(Beginning of Materials provided)
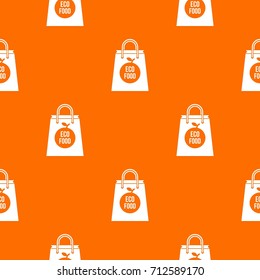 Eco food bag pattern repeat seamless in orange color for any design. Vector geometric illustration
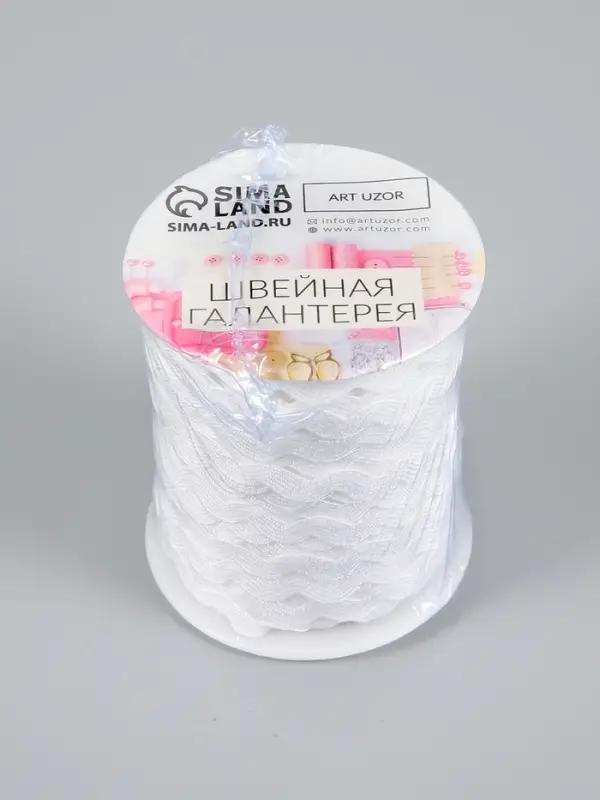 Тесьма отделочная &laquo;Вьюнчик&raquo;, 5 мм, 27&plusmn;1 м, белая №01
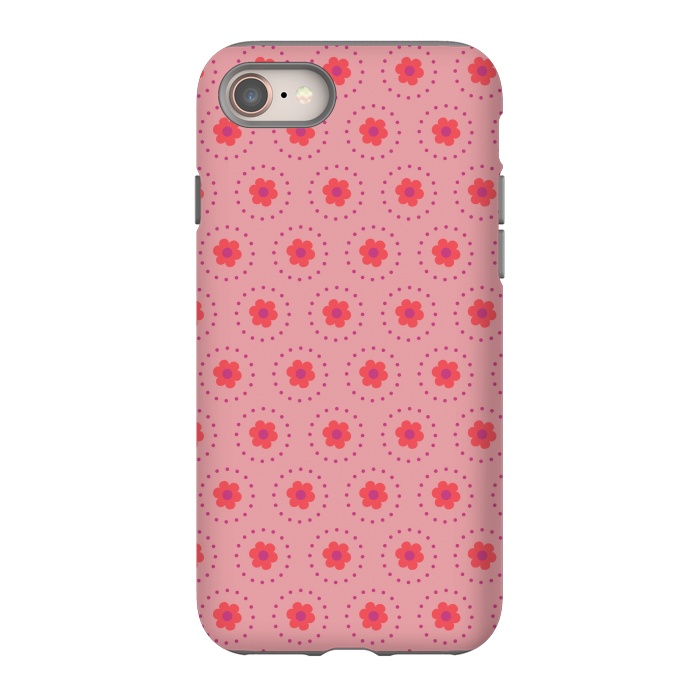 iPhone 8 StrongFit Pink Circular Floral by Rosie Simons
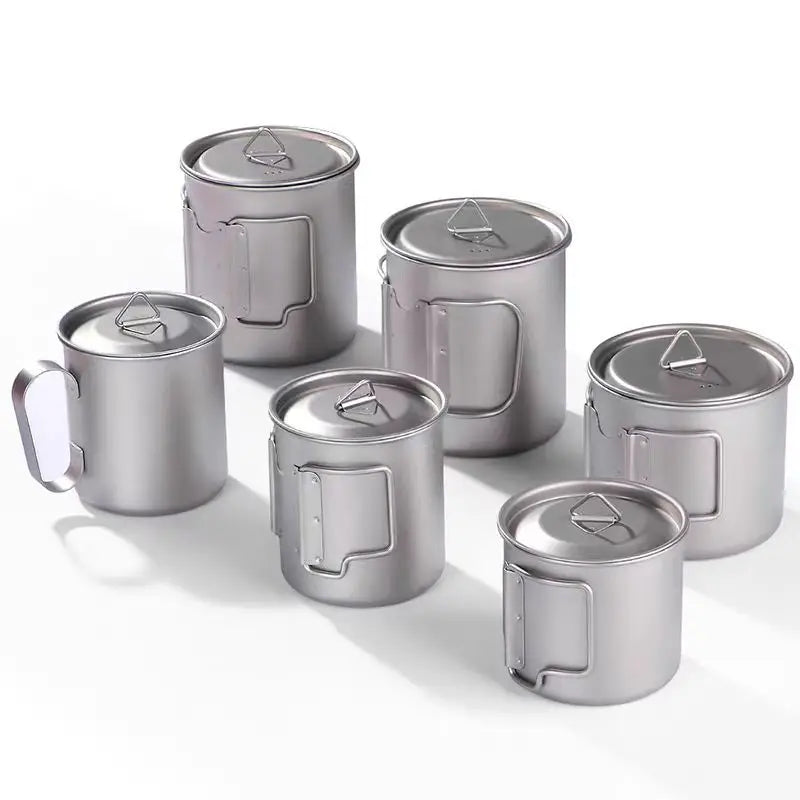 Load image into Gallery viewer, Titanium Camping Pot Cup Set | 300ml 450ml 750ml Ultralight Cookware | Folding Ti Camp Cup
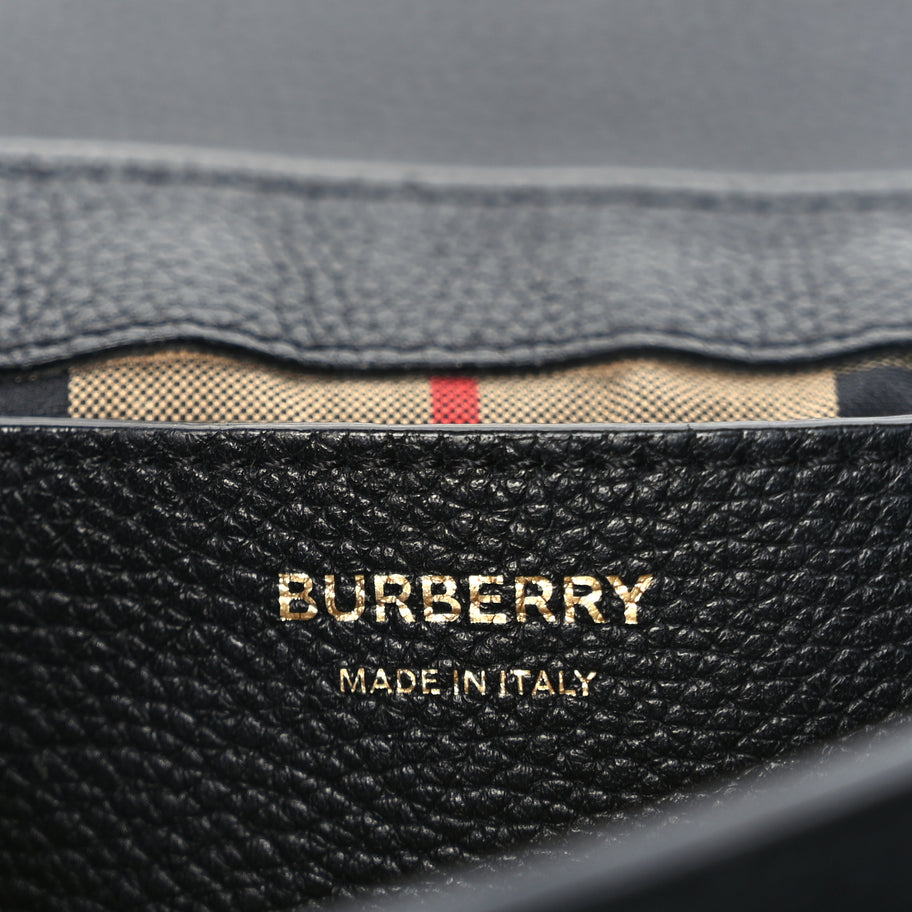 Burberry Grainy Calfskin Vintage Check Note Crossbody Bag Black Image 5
(End of Materials provided)
(Beginning of Materials provided)
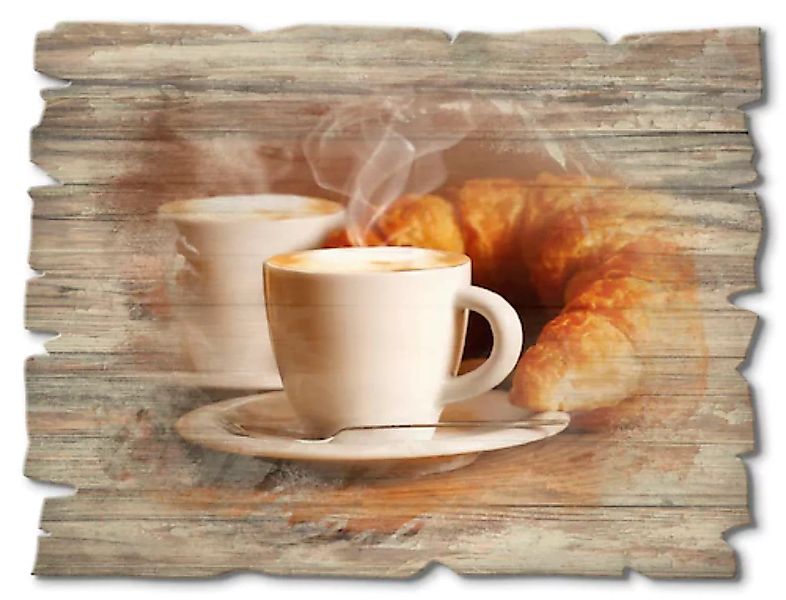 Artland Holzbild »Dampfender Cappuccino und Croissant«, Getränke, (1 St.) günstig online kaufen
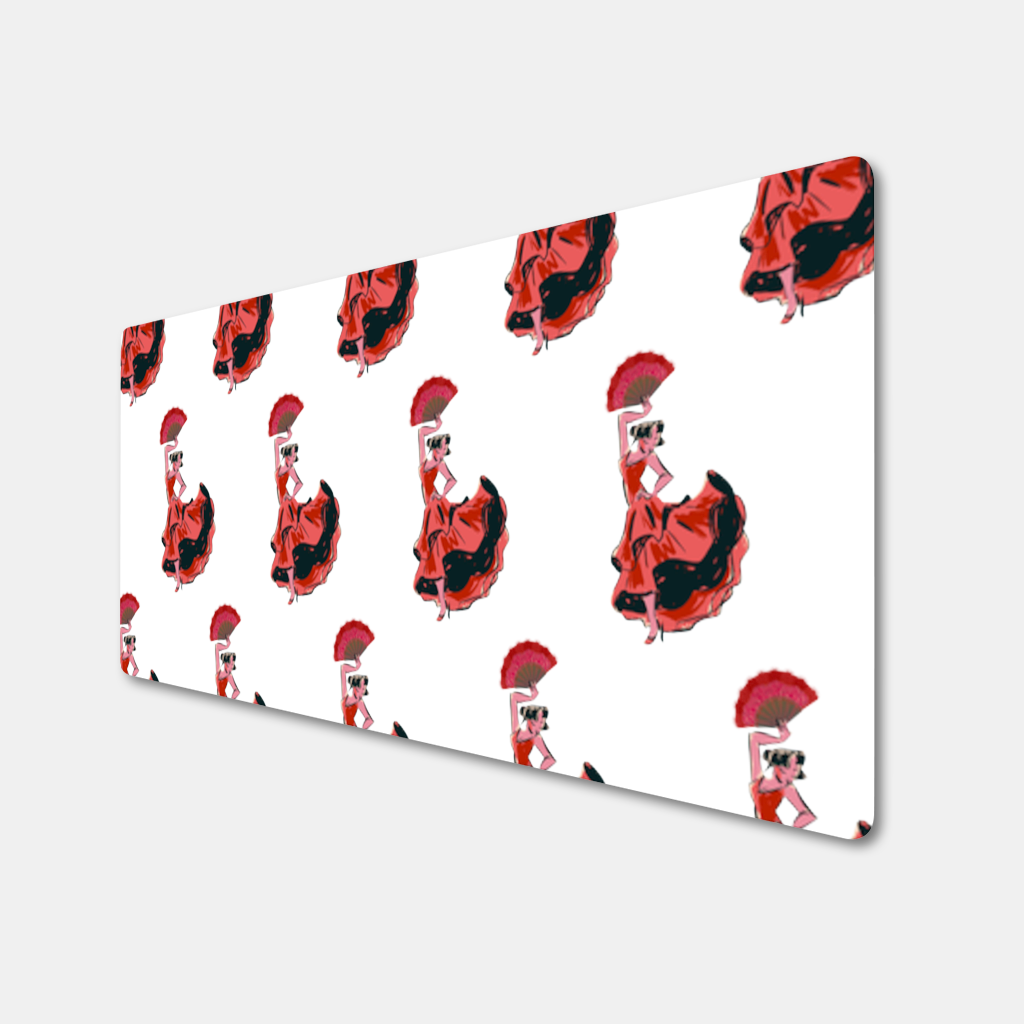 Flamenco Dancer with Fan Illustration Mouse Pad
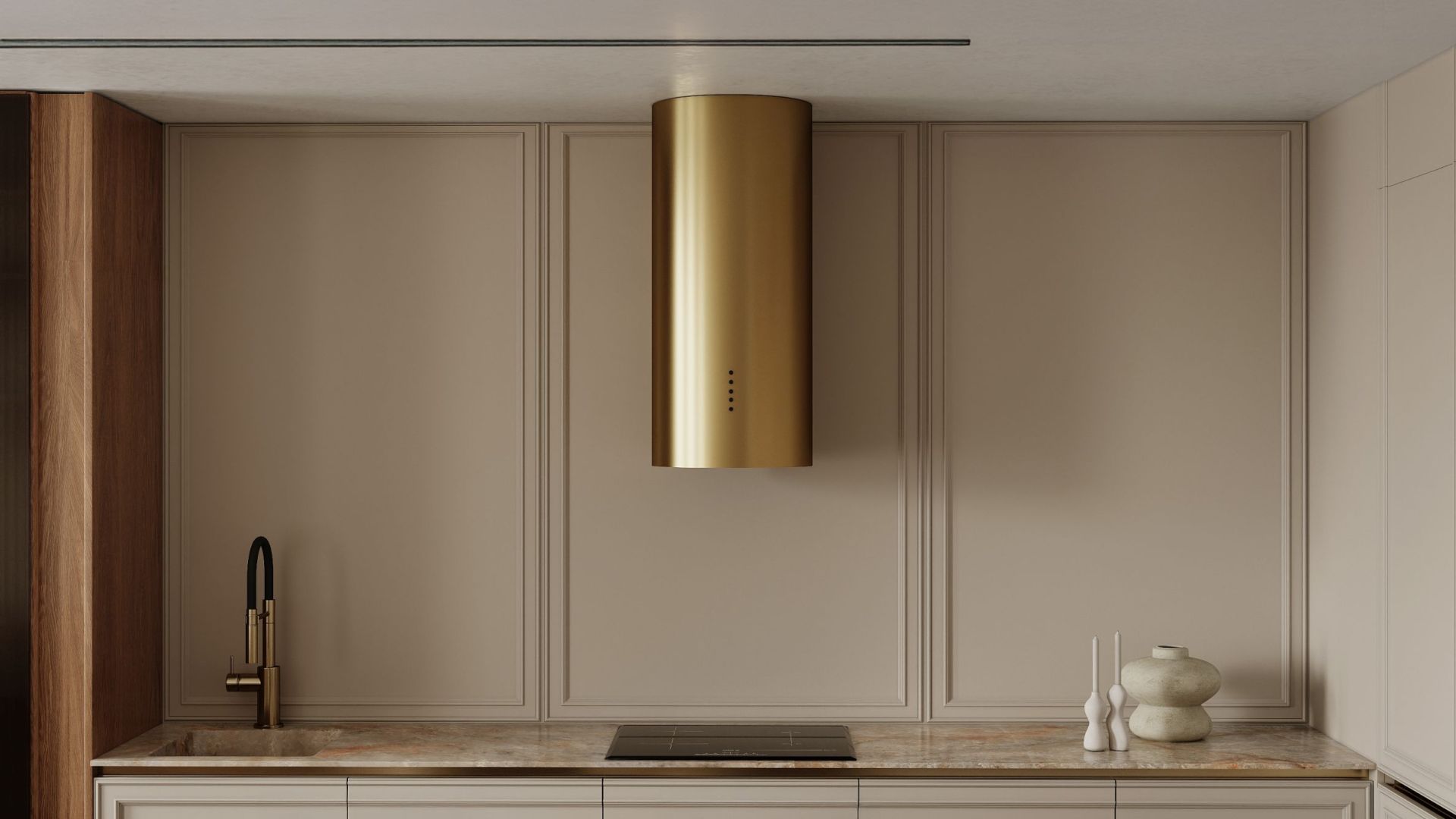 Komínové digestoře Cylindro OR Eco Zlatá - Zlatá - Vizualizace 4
(End of Materials provided)
(Beginning of Materials provided)
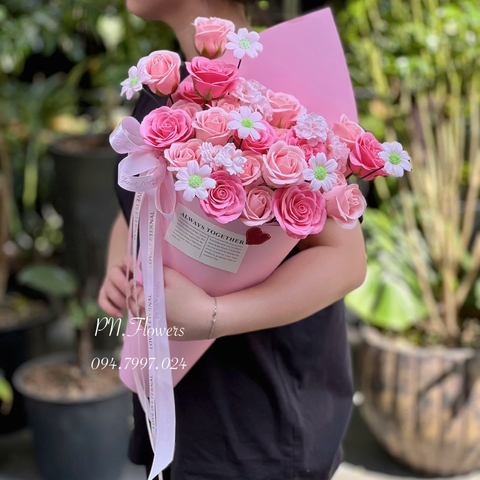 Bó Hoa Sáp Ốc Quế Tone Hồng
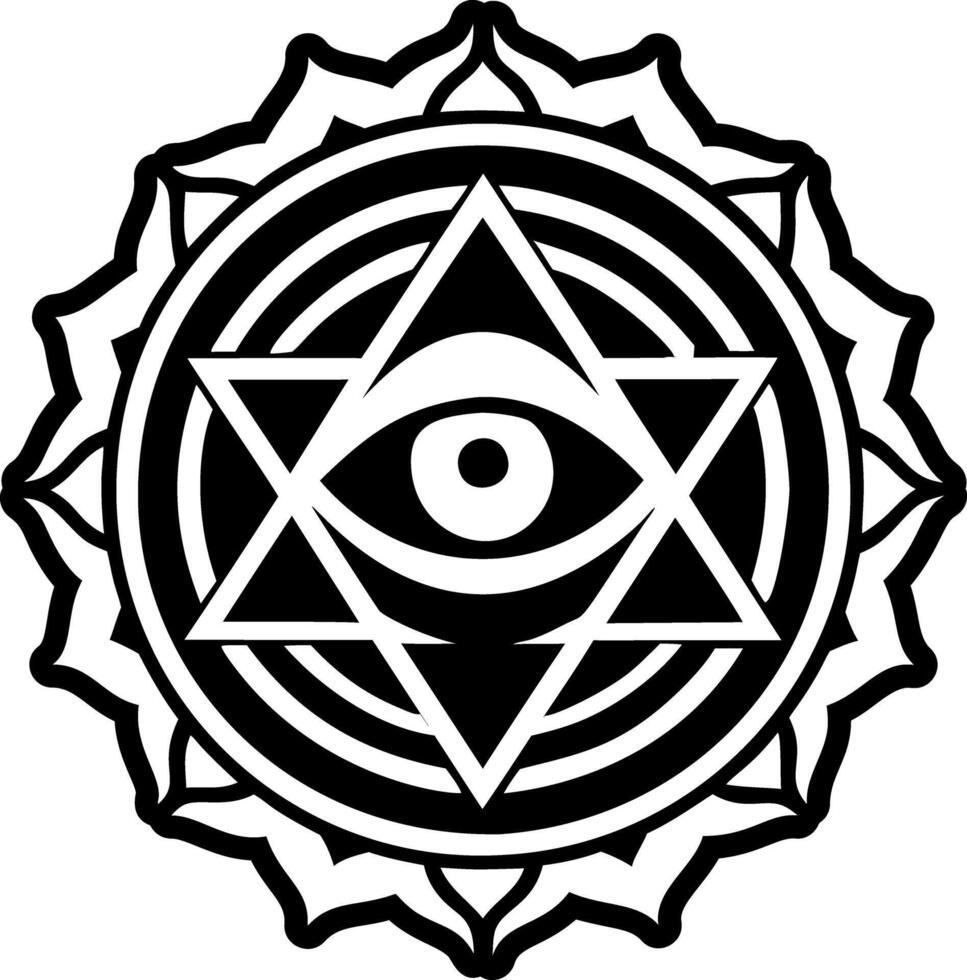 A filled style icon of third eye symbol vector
(End of Materials provided)
(What is required)
Above are the records. Copy only the lines from the one with "Тесьма отделочная &laquo;Вьюнчик&raquo;, 5" through the one with "Burberry Grainy Calfskin", exactly, with no pictures.

(Written response)
 Тесьма отделочная &laquo;Вьюнчик&raquo;, 5 мм, 27&plusmn;1 м, белая №01
 iPhone 8 StrongFit Pink Circular Floral by Rosie Simons
 Load image into Gallery viewer, Titanium Camping Pot Cup Set | 300ml 450ml 750ml Ultralight Cookware | Folding Ti Camp Cup
 Burberry Grainy Calfskin Vintage Check Note Crossbody Bag Black Image 5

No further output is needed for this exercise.